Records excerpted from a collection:
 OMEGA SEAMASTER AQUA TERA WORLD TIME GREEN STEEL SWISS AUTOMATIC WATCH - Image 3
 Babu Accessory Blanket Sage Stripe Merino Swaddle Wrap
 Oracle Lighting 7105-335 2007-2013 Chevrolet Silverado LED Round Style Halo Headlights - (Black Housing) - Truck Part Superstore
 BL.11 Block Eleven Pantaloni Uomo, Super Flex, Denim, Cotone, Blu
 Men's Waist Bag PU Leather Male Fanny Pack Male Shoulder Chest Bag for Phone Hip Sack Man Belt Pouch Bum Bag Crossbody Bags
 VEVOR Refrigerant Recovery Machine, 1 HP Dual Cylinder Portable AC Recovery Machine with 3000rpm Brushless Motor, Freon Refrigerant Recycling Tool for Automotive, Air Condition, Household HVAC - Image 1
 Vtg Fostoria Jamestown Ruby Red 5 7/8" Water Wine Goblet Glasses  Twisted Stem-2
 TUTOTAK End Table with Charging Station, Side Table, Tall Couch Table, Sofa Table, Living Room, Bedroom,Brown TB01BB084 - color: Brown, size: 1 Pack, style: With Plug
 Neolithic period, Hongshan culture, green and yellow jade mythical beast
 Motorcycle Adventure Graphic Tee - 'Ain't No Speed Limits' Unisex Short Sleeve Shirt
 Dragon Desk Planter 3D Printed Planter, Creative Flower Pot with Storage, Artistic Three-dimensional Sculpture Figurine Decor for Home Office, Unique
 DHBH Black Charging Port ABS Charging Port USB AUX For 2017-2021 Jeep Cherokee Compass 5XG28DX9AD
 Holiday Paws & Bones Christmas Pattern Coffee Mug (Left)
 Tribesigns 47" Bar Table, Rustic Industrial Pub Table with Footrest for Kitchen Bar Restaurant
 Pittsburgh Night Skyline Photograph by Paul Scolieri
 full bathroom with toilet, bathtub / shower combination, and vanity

▶ Aim of the exercise
Across the entries above, how many lines carry the word "Pack"? Write only the number.

▶ Result for this exercise
2